Não raro escutamos expressões como “Cidade Verde” ou “Cidade Ecológica”, em referência a espaços urbanos projetados e construídos levando em consideração a preservação de recursos ambientais e econômicos, visando à qualidade de vida dos habitantes. Curitiba, inclusive, é considerada uma cidade verde, tendo sido denominada a Capital Ecológica. Alguns exemplos de projetos voltados à sustentabilidade são a criação de reservas particulares do patrimônio natural, a distribuição de mudas de árvores para plantio e a coleta seletiva – se você mora no município, certamente lembra da Família Folhas e do jingle “lixo que não é lixo, não vai para o lixo, se-pa-re”, tão conhecido pelos curitibanos e curitibanas. Apesar disso, os problemas associados ao rio Belém, que envolvem o desrespeito às suas águas e respectivas consequências, persistem ao longo dos anos, a despeito das ações que foram realizadas e melhorias que possam ter ocorrido. As pessoas mais atingidas por essas consequências são as que se encontram em maior condição de vulnerabilidade social, residem em locais com infraestrutura precária e têm dificuldade de acesso a serviços e a outros espaços. Diante desse cenário, é válido nos perguntarmos de que forma nós, incluindo as gerações atuais e passadas, nos relacionamos com o Belém. Parafraseando Krenak, o que esse rio está nos comunicando? Como proporcionar a biofilia, uma conexão harmônica e compassiva com o meio ambiente, em uma cidade urbanizada como Curitiba e transformar nossa relação com o rio Belém?

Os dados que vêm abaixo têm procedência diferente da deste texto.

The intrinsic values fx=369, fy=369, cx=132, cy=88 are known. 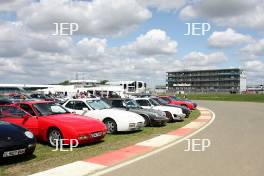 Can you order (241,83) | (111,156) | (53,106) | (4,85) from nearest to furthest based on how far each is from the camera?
(111,156) → (53,106) → (4,85) → (241,83)

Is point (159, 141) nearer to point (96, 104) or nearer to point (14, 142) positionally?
point (96, 104)

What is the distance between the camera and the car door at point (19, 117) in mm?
10781

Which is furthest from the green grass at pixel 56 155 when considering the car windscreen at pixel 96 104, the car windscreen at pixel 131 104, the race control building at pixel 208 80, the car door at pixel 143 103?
the race control building at pixel 208 80

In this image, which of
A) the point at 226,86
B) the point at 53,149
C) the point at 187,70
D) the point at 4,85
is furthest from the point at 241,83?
the point at 53,149

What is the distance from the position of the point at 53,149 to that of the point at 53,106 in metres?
2.05

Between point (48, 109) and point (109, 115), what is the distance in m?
2.84

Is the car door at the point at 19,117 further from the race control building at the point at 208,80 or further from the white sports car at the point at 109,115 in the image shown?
the race control building at the point at 208,80

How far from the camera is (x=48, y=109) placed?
11.4 metres

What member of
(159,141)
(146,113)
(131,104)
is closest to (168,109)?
(131,104)

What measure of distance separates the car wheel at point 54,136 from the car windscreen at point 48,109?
2.65 feet

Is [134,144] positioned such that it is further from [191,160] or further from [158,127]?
[158,127]

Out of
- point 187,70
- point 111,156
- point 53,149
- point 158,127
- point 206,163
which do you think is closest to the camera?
point 206,163

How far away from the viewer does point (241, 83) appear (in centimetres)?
12812

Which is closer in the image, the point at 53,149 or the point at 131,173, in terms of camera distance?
the point at 131,173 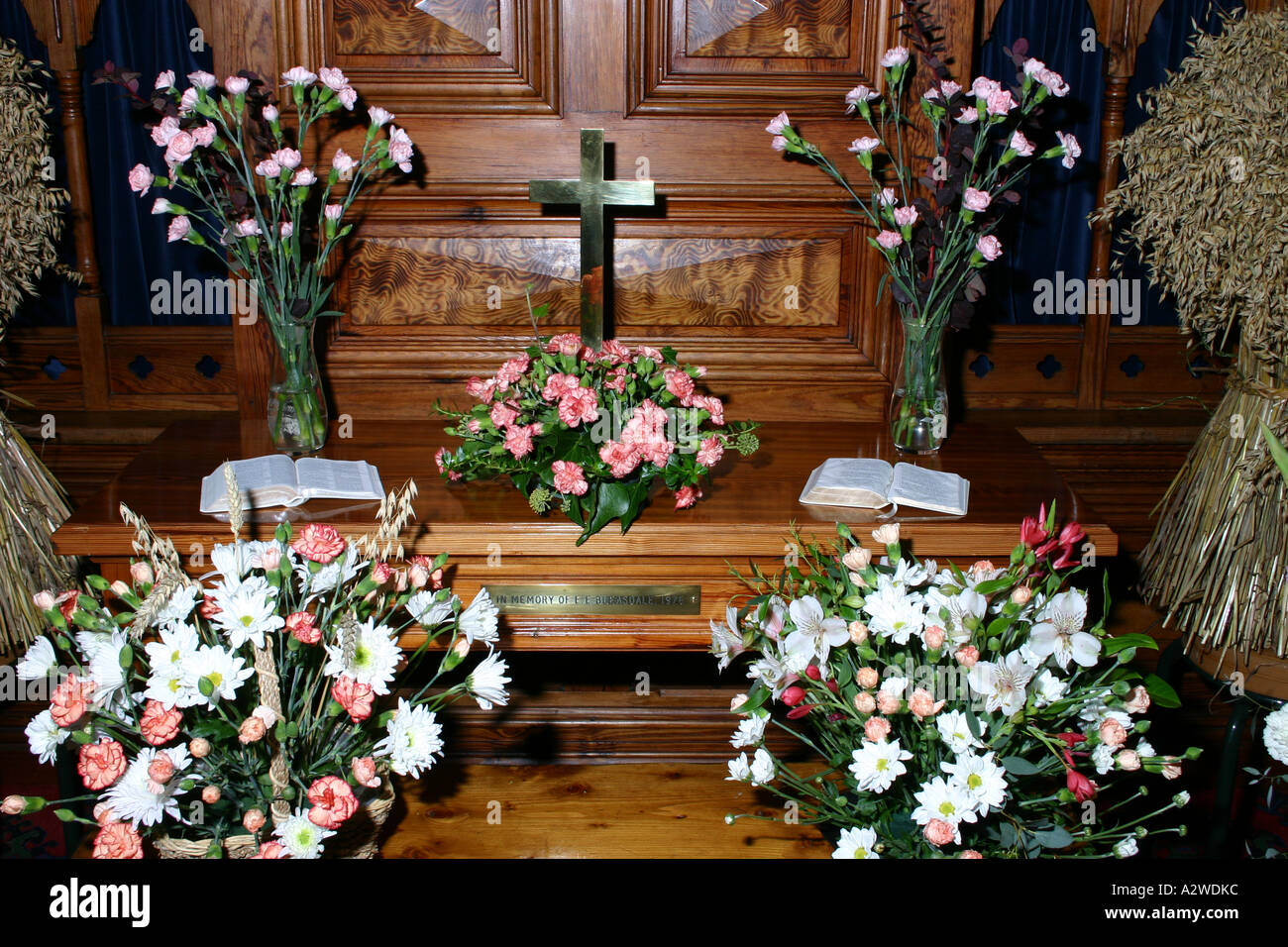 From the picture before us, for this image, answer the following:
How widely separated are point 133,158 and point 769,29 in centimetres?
182

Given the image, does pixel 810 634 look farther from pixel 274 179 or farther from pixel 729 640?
pixel 274 179

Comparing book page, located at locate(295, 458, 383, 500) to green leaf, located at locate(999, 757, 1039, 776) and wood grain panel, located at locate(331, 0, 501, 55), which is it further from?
green leaf, located at locate(999, 757, 1039, 776)

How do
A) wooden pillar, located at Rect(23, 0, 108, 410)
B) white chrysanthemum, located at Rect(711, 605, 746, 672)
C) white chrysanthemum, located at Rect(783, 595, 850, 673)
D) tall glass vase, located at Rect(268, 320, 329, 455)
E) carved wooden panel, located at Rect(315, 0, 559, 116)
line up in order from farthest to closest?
wooden pillar, located at Rect(23, 0, 108, 410)
carved wooden panel, located at Rect(315, 0, 559, 116)
tall glass vase, located at Rect(268, 320, 329, 455)
white chrysanthemum, located at Rect(711, 605, 746, 672)
white chrysanthemum, located at Rect(783, 595, 850, 673)

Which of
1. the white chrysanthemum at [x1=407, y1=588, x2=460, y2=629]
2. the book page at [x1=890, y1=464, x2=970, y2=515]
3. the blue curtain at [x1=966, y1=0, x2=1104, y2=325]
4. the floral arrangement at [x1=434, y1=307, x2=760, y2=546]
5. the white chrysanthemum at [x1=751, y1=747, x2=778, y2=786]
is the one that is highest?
the blue curtain at [x1=966, y1=0, x2=1104, y2=325]

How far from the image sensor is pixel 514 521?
205cm

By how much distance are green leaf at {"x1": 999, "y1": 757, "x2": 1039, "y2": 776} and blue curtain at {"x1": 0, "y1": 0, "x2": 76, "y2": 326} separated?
2764 mm

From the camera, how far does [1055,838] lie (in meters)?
1.37

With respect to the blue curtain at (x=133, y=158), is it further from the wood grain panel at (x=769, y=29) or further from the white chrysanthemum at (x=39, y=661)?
the white chrysanthemum at (x=39, y=661)

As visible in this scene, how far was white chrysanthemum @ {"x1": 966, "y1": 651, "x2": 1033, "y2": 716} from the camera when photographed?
1.34 metres

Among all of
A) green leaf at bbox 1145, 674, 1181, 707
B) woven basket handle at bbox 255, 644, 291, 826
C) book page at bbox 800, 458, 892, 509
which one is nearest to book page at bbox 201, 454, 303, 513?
woven basket handle at bbox 255, 644, 291, 826

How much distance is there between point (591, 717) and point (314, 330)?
1141 mm

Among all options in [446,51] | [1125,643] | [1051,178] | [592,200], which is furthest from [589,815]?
[1051,178]

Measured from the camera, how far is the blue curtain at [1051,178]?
315 cm

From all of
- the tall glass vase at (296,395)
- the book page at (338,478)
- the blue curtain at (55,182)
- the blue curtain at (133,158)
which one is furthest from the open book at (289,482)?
the blue curtain at (55,182) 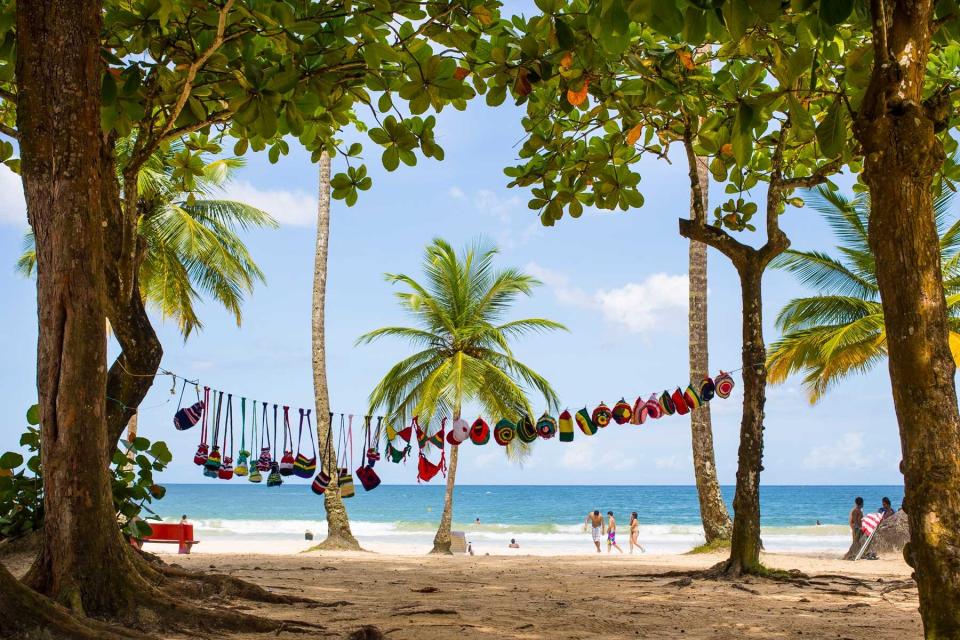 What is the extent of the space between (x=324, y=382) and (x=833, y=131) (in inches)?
504

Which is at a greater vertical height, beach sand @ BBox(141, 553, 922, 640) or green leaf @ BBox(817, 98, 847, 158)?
green leaf @ BBox(817, 98, 847, 158)

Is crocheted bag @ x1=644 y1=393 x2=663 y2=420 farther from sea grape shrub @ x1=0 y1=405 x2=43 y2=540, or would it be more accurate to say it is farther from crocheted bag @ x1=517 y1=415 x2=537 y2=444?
sea grape shrub @ x1=0 y1=405 x2=43 y2=540

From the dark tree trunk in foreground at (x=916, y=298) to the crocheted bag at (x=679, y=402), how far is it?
21.2ft

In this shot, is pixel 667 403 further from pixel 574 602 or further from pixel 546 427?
pixel 574 602

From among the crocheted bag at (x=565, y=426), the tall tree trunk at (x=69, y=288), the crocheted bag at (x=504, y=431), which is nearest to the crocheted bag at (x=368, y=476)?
the crocheted bag at (x=504, y=431)

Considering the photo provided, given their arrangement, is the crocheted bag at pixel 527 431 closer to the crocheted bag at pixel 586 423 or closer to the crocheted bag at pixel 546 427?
the crocheted bag at pixel 546 427

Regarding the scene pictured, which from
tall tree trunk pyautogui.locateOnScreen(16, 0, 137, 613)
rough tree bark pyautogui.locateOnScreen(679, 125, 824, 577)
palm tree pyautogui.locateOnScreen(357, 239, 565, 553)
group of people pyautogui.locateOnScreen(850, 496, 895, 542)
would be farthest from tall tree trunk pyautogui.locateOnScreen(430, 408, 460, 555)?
tall tree trunk pyautogui.locateOnScreen(16, 0, 137, 613)

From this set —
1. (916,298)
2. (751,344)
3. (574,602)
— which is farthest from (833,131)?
(751,344)

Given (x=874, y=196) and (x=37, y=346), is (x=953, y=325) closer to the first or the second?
(x=874, y=196)

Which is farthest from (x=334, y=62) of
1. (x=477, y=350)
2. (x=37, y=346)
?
(x=477, y=350)

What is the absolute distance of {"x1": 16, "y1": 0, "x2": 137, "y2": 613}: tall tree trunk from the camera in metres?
3.36

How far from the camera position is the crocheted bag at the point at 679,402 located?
921 centimetres

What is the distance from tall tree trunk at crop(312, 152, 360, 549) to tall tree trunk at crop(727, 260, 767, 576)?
8.60 metres

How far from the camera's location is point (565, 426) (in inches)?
396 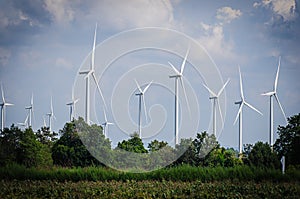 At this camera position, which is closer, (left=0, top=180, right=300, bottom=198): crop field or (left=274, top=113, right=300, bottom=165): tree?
(left=0, top=180, right=300, bottom=198): crop field

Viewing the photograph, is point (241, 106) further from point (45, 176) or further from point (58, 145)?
point (45, 176)

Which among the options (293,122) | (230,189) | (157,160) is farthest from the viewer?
(293,122)

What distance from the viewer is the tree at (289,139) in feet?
90.0

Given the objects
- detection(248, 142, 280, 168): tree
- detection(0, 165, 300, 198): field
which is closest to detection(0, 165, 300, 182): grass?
detection(0, 165, 300, 198): field

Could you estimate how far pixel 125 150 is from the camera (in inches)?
1034

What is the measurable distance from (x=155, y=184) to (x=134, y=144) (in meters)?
11.9

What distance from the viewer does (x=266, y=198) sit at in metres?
12.5

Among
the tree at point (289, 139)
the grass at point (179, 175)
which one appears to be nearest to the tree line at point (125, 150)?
the tree at point (289, 139)

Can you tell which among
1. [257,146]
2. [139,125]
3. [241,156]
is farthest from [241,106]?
[139,125]

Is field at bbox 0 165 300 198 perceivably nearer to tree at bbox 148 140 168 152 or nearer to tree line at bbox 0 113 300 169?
tree line at bbox 0 113 300 169

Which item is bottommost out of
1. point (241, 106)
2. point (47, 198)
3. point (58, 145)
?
point (47, 198)

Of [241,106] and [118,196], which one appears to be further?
[241,106]

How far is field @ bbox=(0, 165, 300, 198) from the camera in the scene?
1343 centimetres

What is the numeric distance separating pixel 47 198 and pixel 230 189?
4.52m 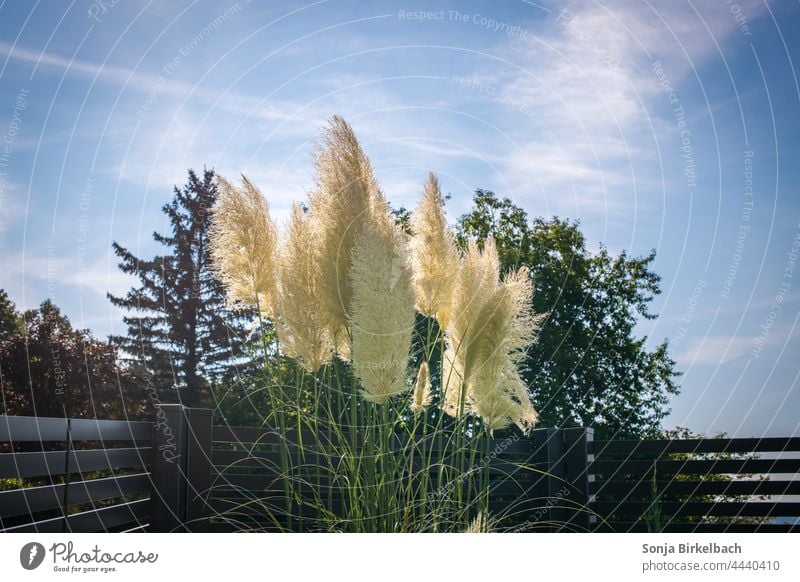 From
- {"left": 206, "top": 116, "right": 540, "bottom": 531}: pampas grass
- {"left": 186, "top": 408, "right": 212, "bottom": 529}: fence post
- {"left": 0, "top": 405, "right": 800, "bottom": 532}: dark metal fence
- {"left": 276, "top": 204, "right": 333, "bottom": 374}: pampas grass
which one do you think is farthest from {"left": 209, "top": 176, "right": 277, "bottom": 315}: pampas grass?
{"left": 186, "top": 408, "right": 212, "bottom": 529}: fence post

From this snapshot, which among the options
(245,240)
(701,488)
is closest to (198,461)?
(245,240)

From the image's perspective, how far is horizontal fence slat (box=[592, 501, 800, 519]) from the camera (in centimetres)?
509

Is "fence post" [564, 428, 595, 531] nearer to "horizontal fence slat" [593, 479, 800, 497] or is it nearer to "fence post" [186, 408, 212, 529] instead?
"horizontal fence slat" [593, 479, 800, 497]

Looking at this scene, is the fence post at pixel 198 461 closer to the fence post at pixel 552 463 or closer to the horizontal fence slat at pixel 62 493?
the horizontal fence slat at pixel 62 493

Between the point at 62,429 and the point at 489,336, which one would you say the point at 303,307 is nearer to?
the point at 489,336

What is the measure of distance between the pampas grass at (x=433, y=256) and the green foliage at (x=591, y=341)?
7.06 metres

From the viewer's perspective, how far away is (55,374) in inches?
328

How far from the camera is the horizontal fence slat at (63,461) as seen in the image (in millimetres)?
2900

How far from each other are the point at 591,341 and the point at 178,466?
Result: 7800 mm

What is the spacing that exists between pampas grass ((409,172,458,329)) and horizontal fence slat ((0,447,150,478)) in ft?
5.85

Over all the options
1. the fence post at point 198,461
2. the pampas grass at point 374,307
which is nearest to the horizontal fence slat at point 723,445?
the pampas grass at point 374,307

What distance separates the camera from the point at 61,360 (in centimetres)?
855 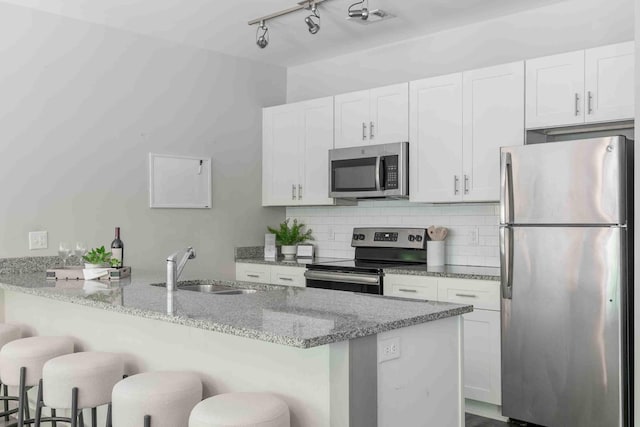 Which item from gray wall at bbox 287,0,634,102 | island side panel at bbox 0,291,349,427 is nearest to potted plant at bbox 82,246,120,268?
island side panel at bbox 0,291,349,427

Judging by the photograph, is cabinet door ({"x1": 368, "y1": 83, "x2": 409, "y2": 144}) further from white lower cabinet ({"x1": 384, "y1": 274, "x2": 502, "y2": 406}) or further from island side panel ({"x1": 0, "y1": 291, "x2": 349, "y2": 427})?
island side panel ({"x1": 0, "y1": 291, "x2": 349, "y2": 427})

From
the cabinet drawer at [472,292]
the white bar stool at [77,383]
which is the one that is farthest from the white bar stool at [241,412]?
the cabinet drawer at [472,292]

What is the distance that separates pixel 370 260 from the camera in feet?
16.8

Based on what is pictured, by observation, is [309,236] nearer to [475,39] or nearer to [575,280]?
[475,39]

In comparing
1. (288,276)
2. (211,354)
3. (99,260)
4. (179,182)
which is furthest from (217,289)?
(179,182)

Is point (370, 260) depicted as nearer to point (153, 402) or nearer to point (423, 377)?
point (423, 377)

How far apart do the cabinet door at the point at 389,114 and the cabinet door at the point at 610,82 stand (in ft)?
4.38

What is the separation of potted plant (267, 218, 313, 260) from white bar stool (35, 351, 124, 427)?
9.28 feet

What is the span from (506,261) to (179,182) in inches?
105

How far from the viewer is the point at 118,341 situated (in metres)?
3.17

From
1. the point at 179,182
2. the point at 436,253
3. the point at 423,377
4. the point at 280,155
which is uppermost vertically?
the point at 280,155

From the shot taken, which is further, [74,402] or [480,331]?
[480,331]

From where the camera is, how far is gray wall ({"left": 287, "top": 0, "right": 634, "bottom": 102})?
4.03m

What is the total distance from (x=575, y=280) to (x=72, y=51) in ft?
11.9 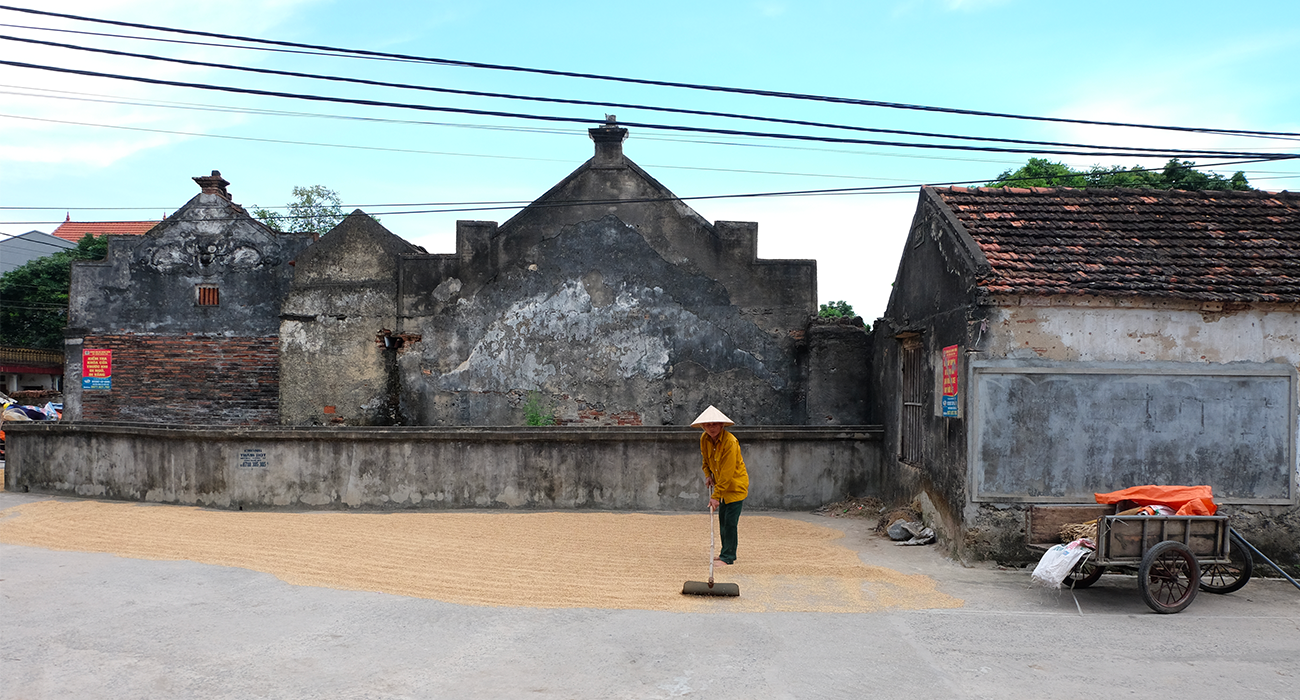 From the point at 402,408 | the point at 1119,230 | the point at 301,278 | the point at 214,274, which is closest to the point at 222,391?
the point at 214,274

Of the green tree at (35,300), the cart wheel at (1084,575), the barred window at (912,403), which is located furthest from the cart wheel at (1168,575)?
the green tree at (35,300)

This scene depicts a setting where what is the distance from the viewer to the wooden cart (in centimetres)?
750

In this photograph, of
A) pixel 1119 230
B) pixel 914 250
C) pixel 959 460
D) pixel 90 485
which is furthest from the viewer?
pixel 90 485

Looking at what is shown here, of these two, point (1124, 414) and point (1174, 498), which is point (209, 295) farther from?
point (1174, 498)

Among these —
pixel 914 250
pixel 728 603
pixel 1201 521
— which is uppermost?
pixel 914 250

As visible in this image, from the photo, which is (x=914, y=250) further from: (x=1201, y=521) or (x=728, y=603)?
(x=728, y=603)

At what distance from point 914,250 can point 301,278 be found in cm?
1172

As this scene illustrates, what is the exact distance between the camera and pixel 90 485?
13234 mm

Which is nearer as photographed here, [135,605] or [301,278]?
[135,605]

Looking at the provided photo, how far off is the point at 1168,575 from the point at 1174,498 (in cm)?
85

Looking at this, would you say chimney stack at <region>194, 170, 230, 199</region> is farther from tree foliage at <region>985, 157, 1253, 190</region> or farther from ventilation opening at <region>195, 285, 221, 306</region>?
tree foliage at <region>985, 157, 1253, 190</region>

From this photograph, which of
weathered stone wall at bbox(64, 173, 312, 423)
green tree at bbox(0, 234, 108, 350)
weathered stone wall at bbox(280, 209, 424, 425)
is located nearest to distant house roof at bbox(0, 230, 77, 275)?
green tree at bbox(0, 234, 108, 350)

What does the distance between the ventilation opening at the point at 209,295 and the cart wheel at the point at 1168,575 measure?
18.4 m

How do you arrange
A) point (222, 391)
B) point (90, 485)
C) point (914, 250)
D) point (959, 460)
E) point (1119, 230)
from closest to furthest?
point (959, 460)
point (1119, 230)
point (914, 250)
point (90, 485)
point (222, 391) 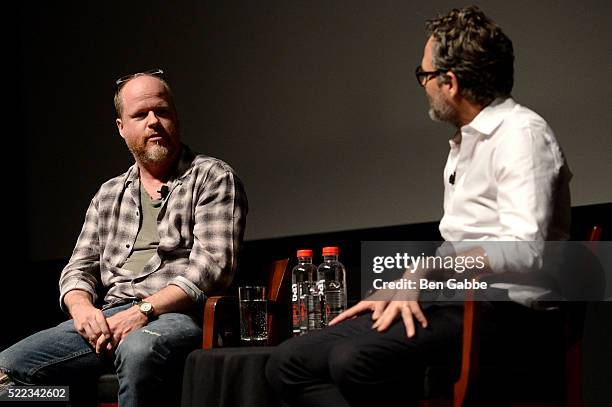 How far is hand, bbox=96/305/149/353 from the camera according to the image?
2352mm

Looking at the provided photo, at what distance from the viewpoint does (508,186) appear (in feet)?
5.93

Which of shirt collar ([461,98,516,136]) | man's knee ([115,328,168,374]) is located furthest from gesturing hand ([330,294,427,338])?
man's knee ([115,328,168,374])

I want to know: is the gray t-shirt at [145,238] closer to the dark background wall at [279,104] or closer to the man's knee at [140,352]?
the man's knee at [140,352]

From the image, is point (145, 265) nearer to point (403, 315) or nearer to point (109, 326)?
point (109, 326)

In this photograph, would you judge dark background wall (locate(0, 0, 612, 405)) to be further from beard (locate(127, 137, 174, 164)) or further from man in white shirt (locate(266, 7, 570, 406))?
beard (locate(127, 137, 174, 164))

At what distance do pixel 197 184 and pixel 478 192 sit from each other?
994 millimetres

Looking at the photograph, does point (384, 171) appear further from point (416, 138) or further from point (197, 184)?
point (197, 184)

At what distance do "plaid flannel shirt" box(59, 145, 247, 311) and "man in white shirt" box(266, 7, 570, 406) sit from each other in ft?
1.95

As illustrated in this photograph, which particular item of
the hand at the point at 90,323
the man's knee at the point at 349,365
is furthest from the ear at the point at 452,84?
the hand at the point at 90,323

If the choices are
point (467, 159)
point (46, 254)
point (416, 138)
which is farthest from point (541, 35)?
point (46, 254)

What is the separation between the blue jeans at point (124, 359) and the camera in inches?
87.0

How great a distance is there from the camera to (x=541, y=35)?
2930mm

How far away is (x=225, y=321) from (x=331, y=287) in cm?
53

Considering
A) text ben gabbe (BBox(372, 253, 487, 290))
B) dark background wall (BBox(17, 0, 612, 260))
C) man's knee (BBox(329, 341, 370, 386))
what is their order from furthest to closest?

O teólogo brasileiro Leonardo Boff nos explica que há uma relação de interdependência e complementariedade entre seres humanos e outras formas de vida, como as plantas e animais. Dentre esses, só o humano possui uma dimensão ética, devendo, assim, ser o cuidador e guardião de seu habitat. Esse cuidado consiste em uma relação amorosa, não agressiva e nasce do envolvimento e preocupação com o destino das outras vidas, para além da minha própria. Os rios, embora não sejam sencientes e não contenham células e outras estruturas presentes em diversos organismos, são entidades vivas: nascem, se desenvolvem, acompanham e atravessam gerações. Sendo vivos, podem morrer. Mortos, produzirão impactos nas demais formas de vida: na vegetação, nos peixes e nas pessoas. Na Declaração Universal dos Direitos dos Rios, estão estipulados seis direitos principais: fluir, desempenhar funções essenciais dentro de seu ecossistema, estar livre de poluição, alimentar-se e ser alimentado por aquíferos sustentáveis, ter biodiversidade nativa, poder regenerar-se e ser restaurado. Esses direitos servem para a proteção dos rios ou, em outras palavras, para a manutenção de suas vidas. Quais desses direitos estão sendo assegurados ao Belém e quais estão sendo violados? Estamos nós, de modo ativo ou passivo, contribuindo para a morte desse rio, coibindo-lhe a possibilidade de existir?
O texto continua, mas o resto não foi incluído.